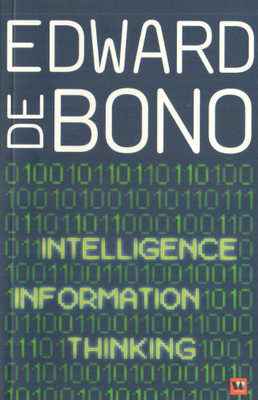 Intelligence Information Thinking(English, Paperback, DE BONO EDWARD)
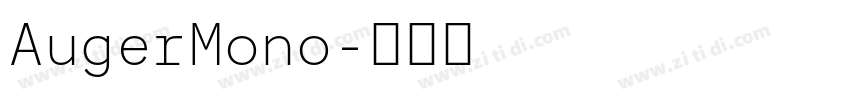 AugerMono字体转换 AugerMono字体转换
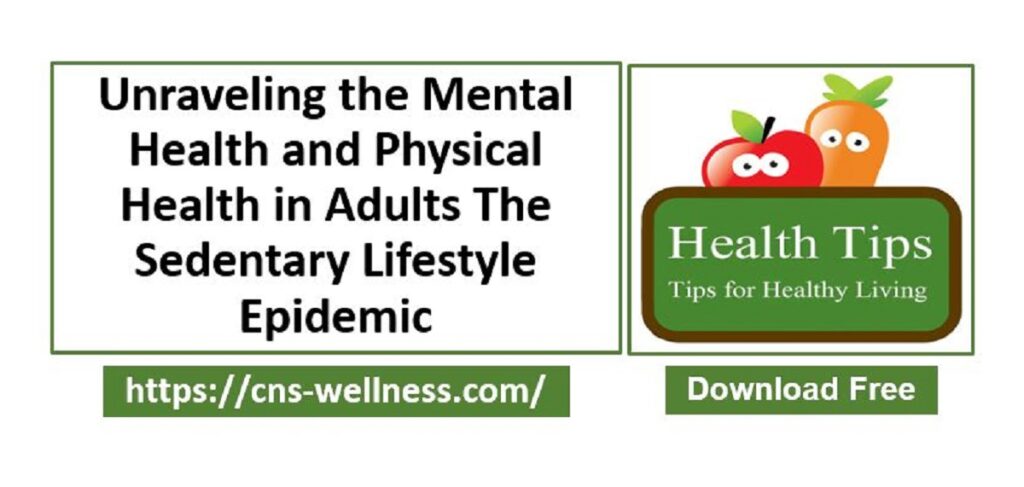 Mental Health and Physical Health in Adults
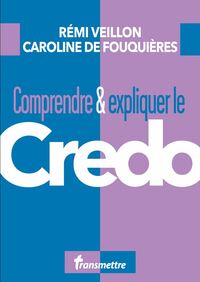 Picture of Comprendre et expliquer le Credo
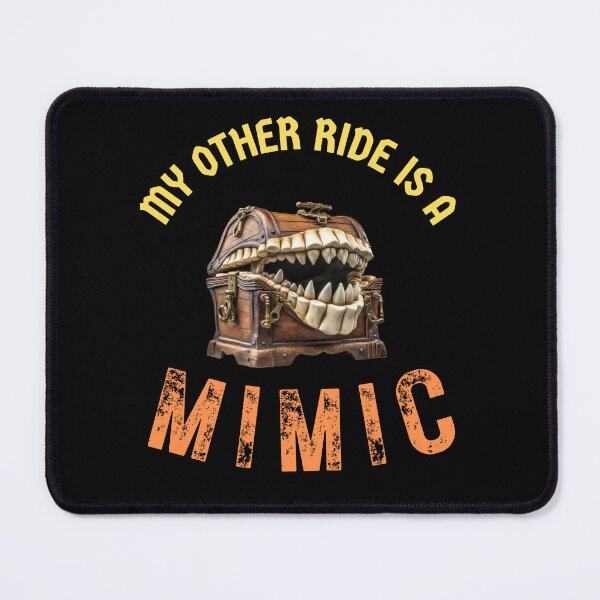 Item preview, My Other Ride Is A Mimic designed and sold by The Mad Muffin.
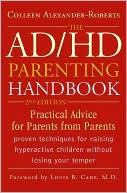 AD/HD Parenting Handbook: Practical Advice for Parents from Parents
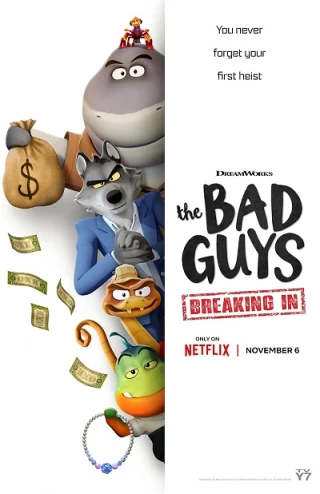 Phi Vụ Động Trời: Đột Nhập (The Bad Guys: Breaking In) [2025]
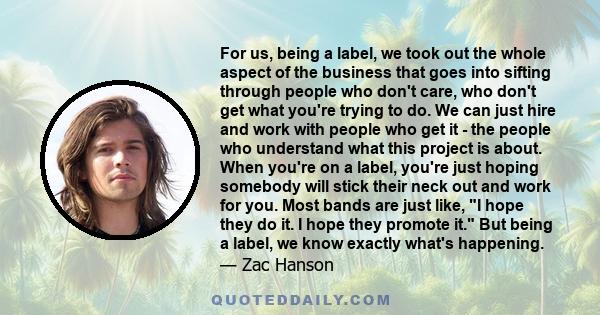 For us, being a label, we took out the whole aspect of the business that goes into sifting through people who don't care, who don't get what you're trying to do. We can just hire and work with people who get it - the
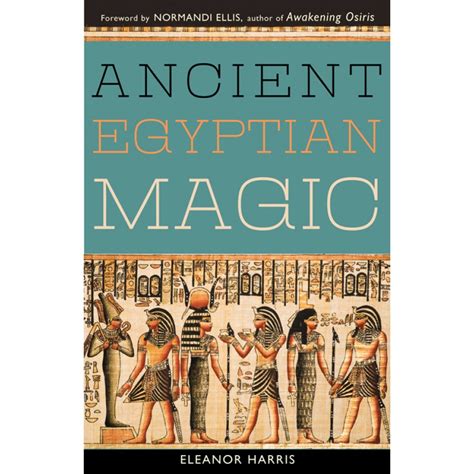 Ancient Egyptian Magic Divination Gods Goddesses Practical Techniques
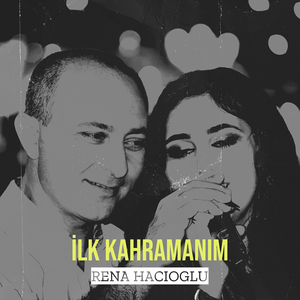 İlk Kahramanım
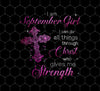 I Am September Girl, I Can Do All Things Through Christ, Png For Shirts, Png Sublimation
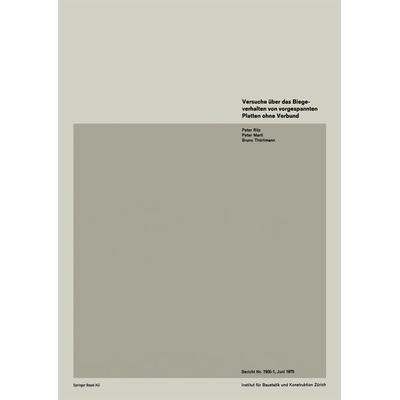 Versuche über das Biegeverhalten von vorgespannten Platten ohne Verbund, Taschenbuch von RITZ,MARTI,Thürlimann, Springer Basel, 978-3-7643-0796-7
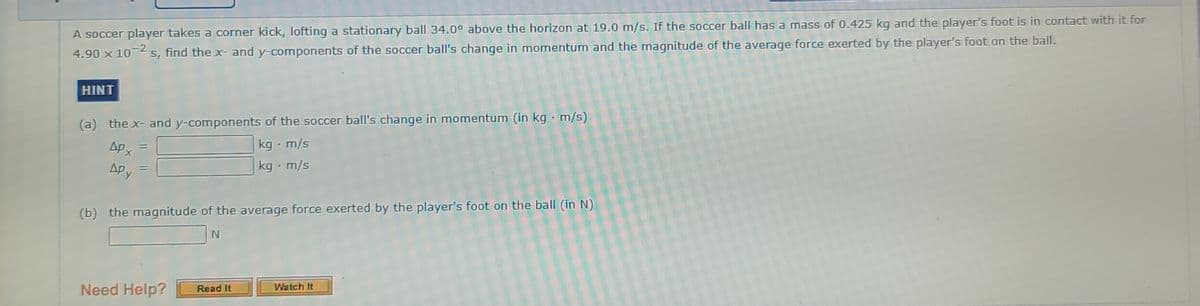 A soccer player takes a corner kick, lofting a stationary ball 34.0° above the horizon at 19.0 m/s. If the soccer ball has a mass of 0.425 kg and the player's foot is in contact with it for
4.90 x 10-2
s, find the x- and y-components of the soccer ball's change in momentum and the magnitude of the average force exerted by the player's foot on the ball.
HINT
(a) the x- and y-components of the soccer ball's change in momentum (in kg - m/s)
Apx =
kg - m/s
%3D
Apy
kg - m/s
(b) the magnitude of the average force exerted by the player's foot on the ball (in N)
Need Help?
Watch It
Read It
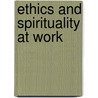 Ethics And Spirituality At Work by Pauchant
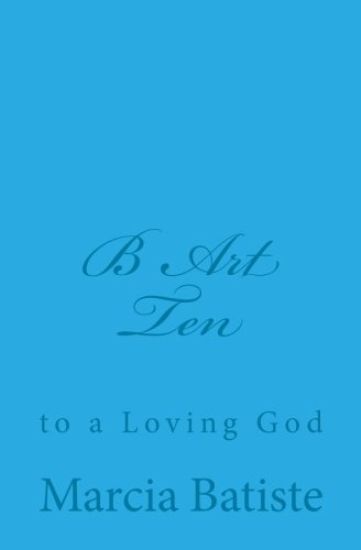 B Art Ten: to a Loving God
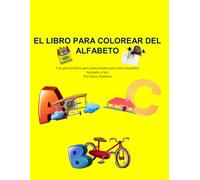 EL LIBRO PARA COLOREAR DEL ALFABETO: Una guía perfecta para principiantes para niños pequeños Aprender a leer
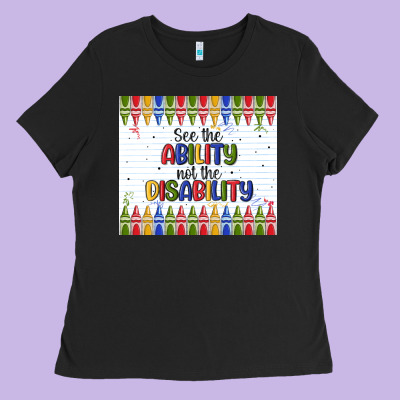 See The Ability Not The Disability Ladies Tee Designed By Maliassmallbusiness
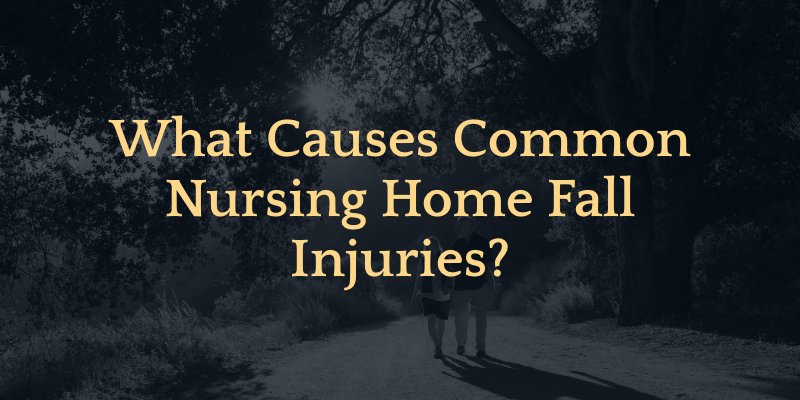 What Causes Common Nursing Home Fall Injuries?
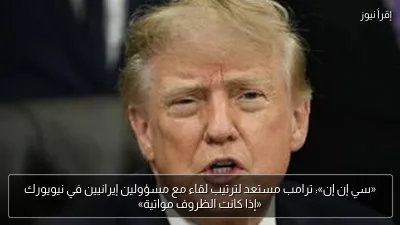 «سي إن إن»: ترامب مستعد لترتيب لقاء مع مسؤولين إيرانيين في نيويورك «إذا كانت الظروف مواتية»
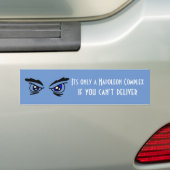 Zijn slechts een Complex Napoleon als u niet kunt  Bumpersticker (Op auto)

[Work required]: The answer must be all the lines above that hold the word "momentum".

[Solution for this problem]:
s, find the x- and y-components of the soccer ball's change in momentum and the magnitude of the average force exerted by the player's foot on the ball.
(a) the x- and y-components of the soccer ball's change in momentum (in kg - m/s)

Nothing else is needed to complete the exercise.